Para recuperar los préstamos, los bancos europeos enviaron primero interventores, pero después aparecieron los soldados. Francia ocupó Túnez en 1881, con una expedición de 5.000 hombres; y el ejército británico se empleó a fondo en Egipto en 1882 para sofocar la revuelta del coronel nacionalista Arabi Pachá. Conocido como El Wahid (el único), fue hecho prisionero y desterrado a Ceilán (Sri Lanka) por miedo a que repudiara la deuda egipcia. Túnez y Egipto quedaron convertidos en colonias -el primero oficialmente y el segundo virtualmente- y sufrieron una humillación histórica. Unas décadas más tarde floreció en Egipto el movimiento de los Hermanos Musulmanes.
Más o menos desde entonces, las sociedades islámicas se debaten entre quienes pretenden rivalizar con Occidente emulando sus progresos y modernizándose y quienes propugnan un repliegue sobre la religión, en ocasiones hasta extremos delirantes, como demuestran Al Qaeda y el Estado Islámico. Podría decirse, de una manera un tanto simple, que el islamismo moderno brotó de las deudas del XIX. A comienzos del XXI reaparece a medida que los regímenes laicos del norte de África y de Oriente Próximo se tambalean por la corrupción de sus líderes, los únicos que se modernizan con los préstamos turbante.

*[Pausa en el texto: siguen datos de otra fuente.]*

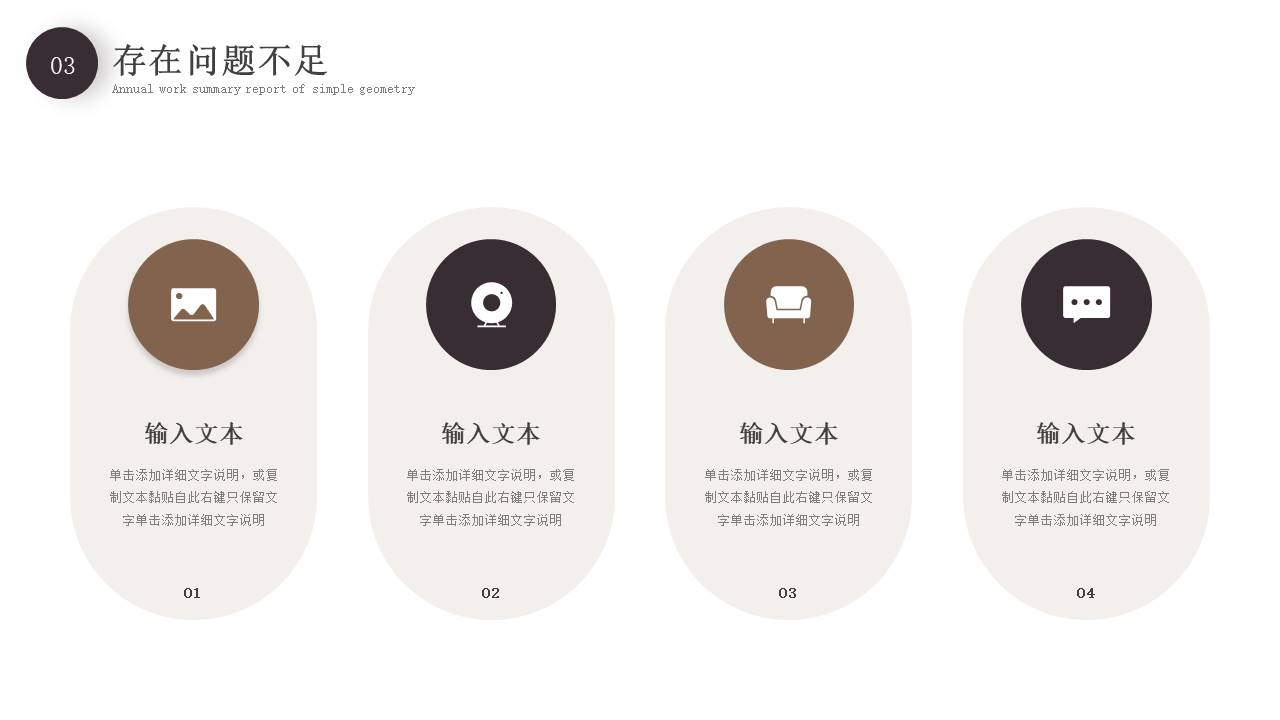 年终总结 (30).pptx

Cuando Tsipras invoca la soberanía de Grecia y pide tiempo a Europa para devolver el dinero de la troika, conviene mirar al pasado. La chispa que encendió la guerra de independencia de Grecia en 1820 fue la decisión del pachá de Atenas de no enviar la recaudación de los impuestos al sultán otomano. El gesto movilizó a los patriotas griegos, que se ganaron la simpatía de Lord Byron. Casi dos siglos después, proponer nuevas condiciones sobre la deuda cuando la carga se hace insoportable -matemáticamente insoportable- y desemboca aparentemente en la liquidación lisa de un país (se sugería vender islas del Egeo), se ha convertido en un acto de afirmación nacional.
Sin embargo, como los musulmanes reformistas que admiraban el progreso de Occidente en el XIX, Tsipras cree en la Unión Europea. Su ministro de Economía, Yanis Varoufakis, docente de la universidad de Texas, está más familiarizado que sus predecesores de Nueva Democracia con algunos principios del libre mercado como que evadir impuestos, falsear cuentas o cobrar sobornos pueden llevarle a uno a la cárcel.
De sus declaraciones sobre la cleptocracia griega, recogidas por el periodista Andy Robinson de La Vanguardia, se deduce que intentará que el dinero de la troika no se lo queden como hasta ahora las élites locales (un conglomerado formado por la banca, las navieras y los periódicos arruinados). Mientras tanto, los impuestos aumentan, los servicios públicos se reducen, la deuda engorda y el peso de los sacrificios recae sobre los más débiles.
Si ese círculo vicioso se rompiera en Grecia quién sabe qué beneficios obtendría Bruselas. Berlín podría pujar por la privatización del puerto del Pireo, comprar la isla de Mikonos y hasta vender más submarinos a la Armada griega. Pero no tendría que conceder préstamos turbante para que le pagaran esos submarinos, ni habría de sobornar a nadie para conseguir el contrato (al menos, no habría de sobornar a los mismos). Eso sería un milagro en el sur de Europa; un milagro como el despegue económico de Alemania en los años cincuenta y sesenta, que fue posible porque en 1953 Grecia, apenas una década después de ser invadida por la Wehrmacht, aceptó junto a otros países una quita de la deuda de la República Federal Alemana.